Solomon Builds the House of the LORD

61 It happened in the four hundred and eightieth year after the children of Israel were come out of the land of Egypt, in the fourth year of Solomon’s reign over Israel, in the month Ziv, which is the second month, that he began to build the house of Yahweh. 2 The house which king Solomon built for Yahweh, its length was sixty cubits, and its breadth twenty cubits, and its height thirty cubits. 3 The porch before the temple of the house, twenty cubits was its length, according to the breadth of the house; and ten cubits was its breadth before the house. 4 For the house he made windows of fixed lattice work. 5 Against the wall of the house he built stories all around, against the walls of the house all around, both of the temple and of the oracle; and he made side chambers all around. 6 The nethermost story was five cubits broad, and the middle was six cubits broad, and the third was seven cubits broad; for on the outside he made offsets in the wall of the house all around, that the beams should not have hold in the walls of the house. 7 The house, when it was in building, was built of stone made ready at the quarry; and there was neither hammer nor axe nor any tool of iron heard in the house, while it was in building. 8 The door for the middle side chambers was in the right side of the house: and they went up by winding stairs into the middle story, and out of the middle into the third. 9 So he built the house, and finished it; and he covered the house with beams and planks of cedar. 10 He built the stories against all the house, each five cubits high: and they rested on the house with timber of cedar.
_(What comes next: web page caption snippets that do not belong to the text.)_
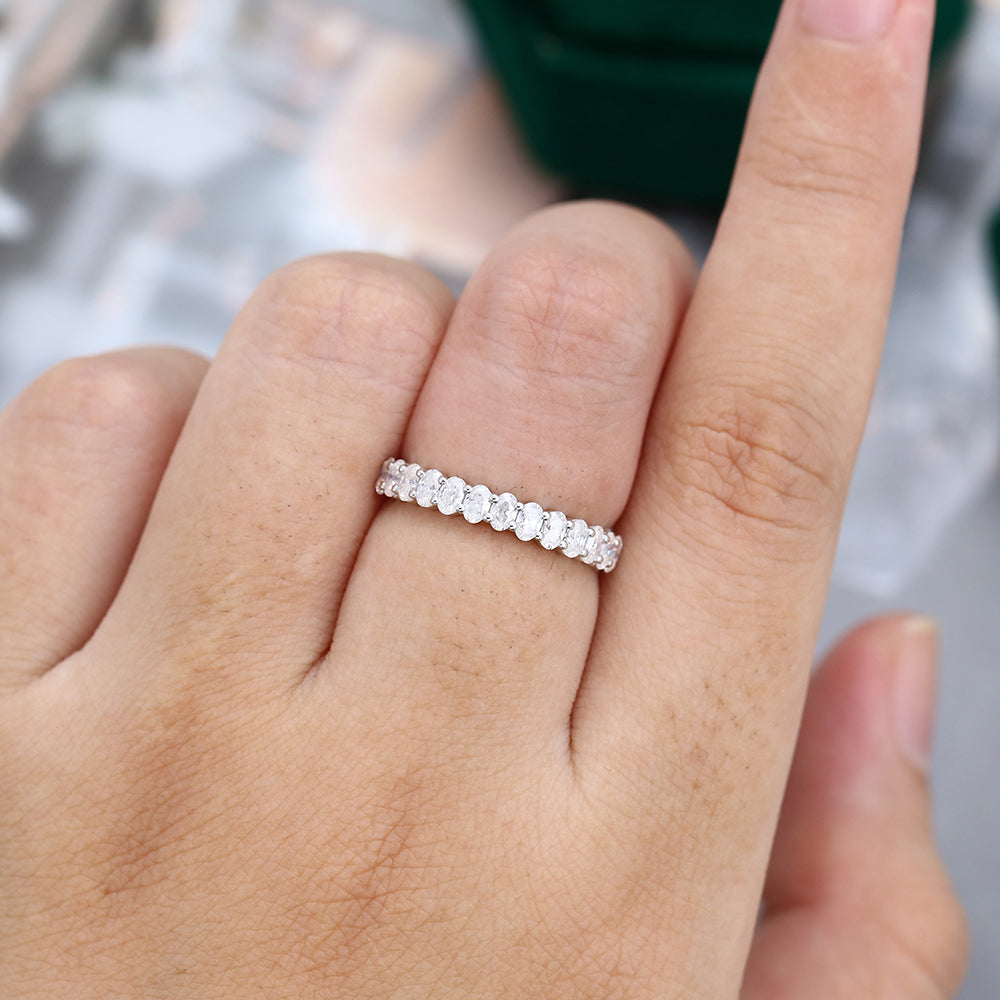 0.80 CT Oval Moissanite Half Eternity Wedding Band - farrellouise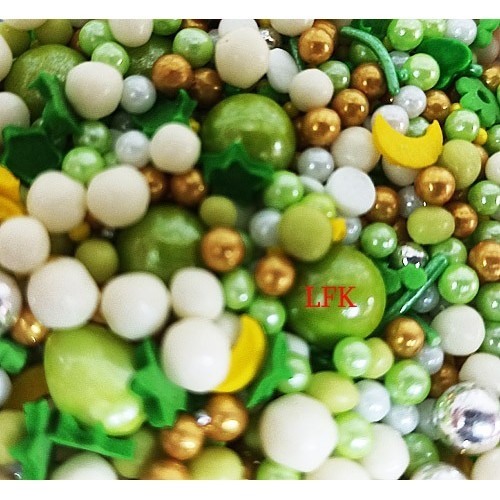

SPRINKLE HIJAU EMAS PERAK PUTIH GREEN MUTIARA LEBARAN HIASAN KUE TABUR - 30GRAM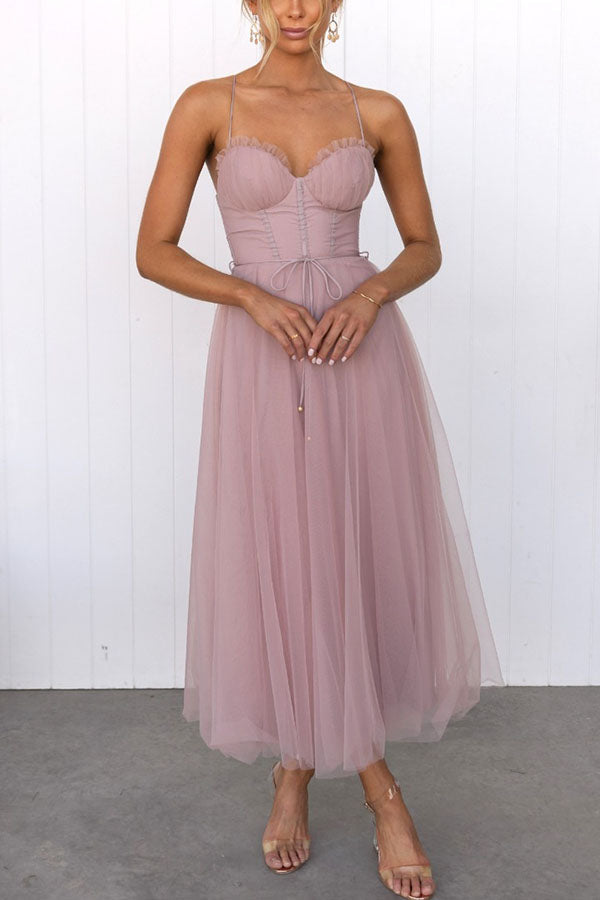 SUNA Dame Maxikjole – Elegant Flagrende - Maxikjole Chiffon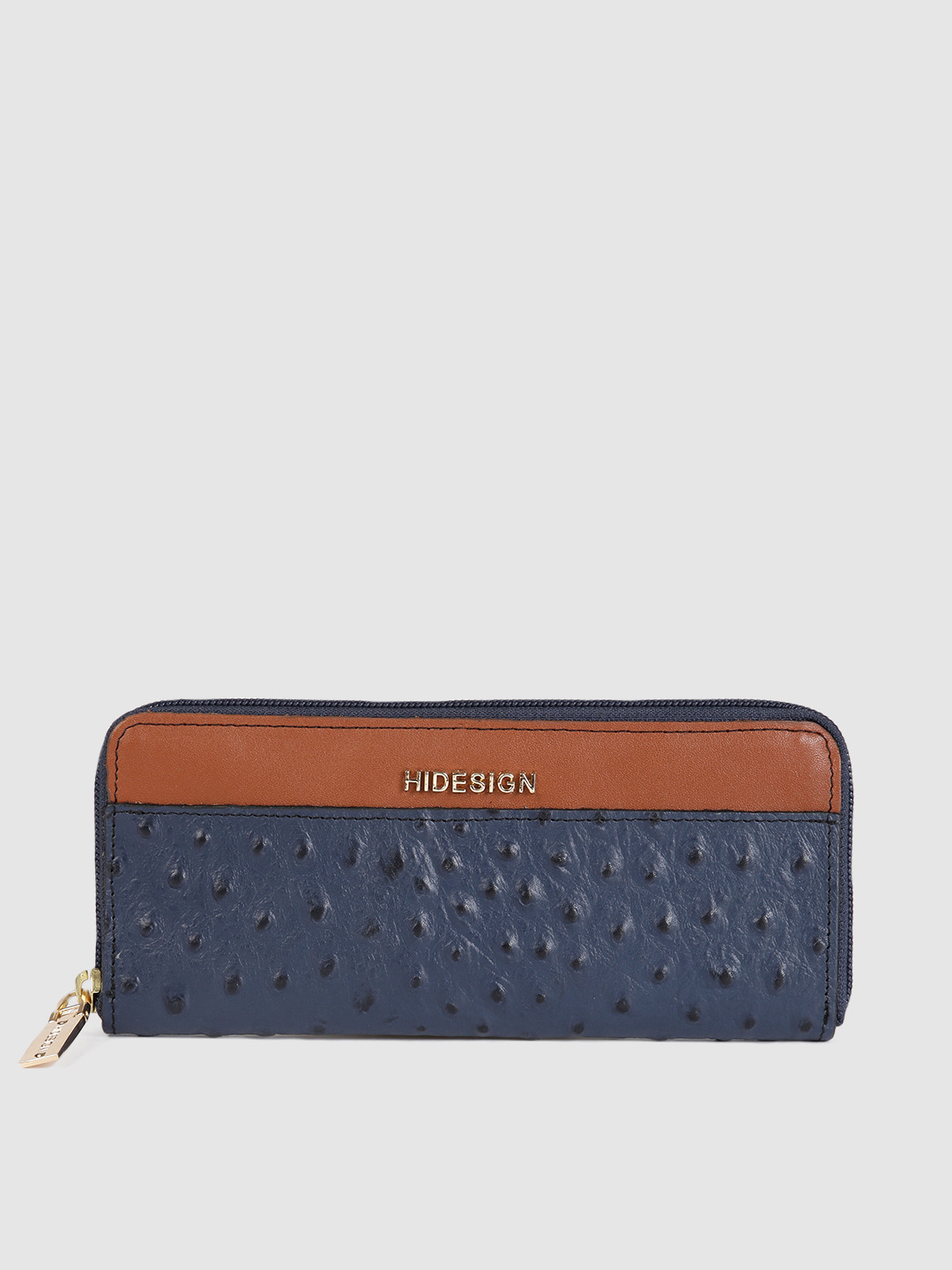 Hidesign Women Blue & Brown Textured Leather Zip Around Wallet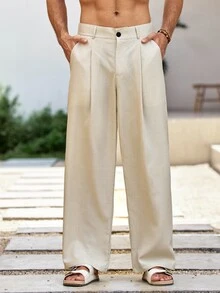 Mercer Haus Blueprint Man 1pc Men's Long Pants, Apricot Linen Trousers With Drape, Loose Comfortable Breathable, Premium Practical Casual, Suitable For Commuting And Light Business - Apricot - View 1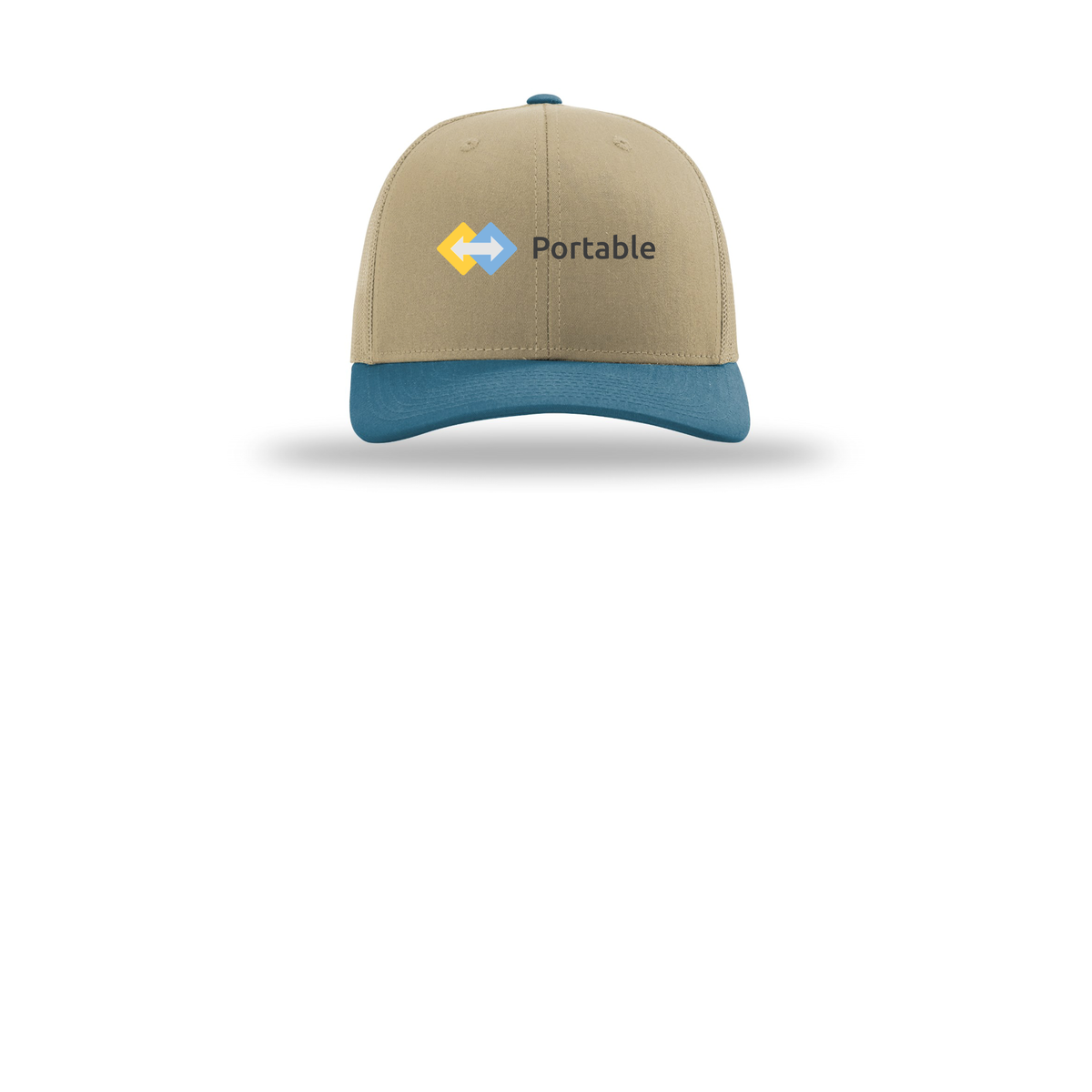 portable-richardson-trucker-cap-embroidery-capfront-R112-khakikhakilegionblue-flat-front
Matthew Henry's Commentary on 1 Kings 6:1-10

Commentary on 1 Kings 6:1-10

(Read 1 Kings 6:1-10)

The temple is called the house of the Lord, because it was directed and modelled by him, and was to be employed in his service. This gave it the beauty of holiness, that it was the house of the Lord, which was far beyond all other beauties. It was to be the temple of the God of peace, therefore no iron tool must be heard; quietness and silence suit and help religious exercises. God's work should be done with much care and little noise. Clamour and violence often hinder, but never further the work of God. Thus the kingdom of God in the heart of man grows up in silence, Mark 5:27.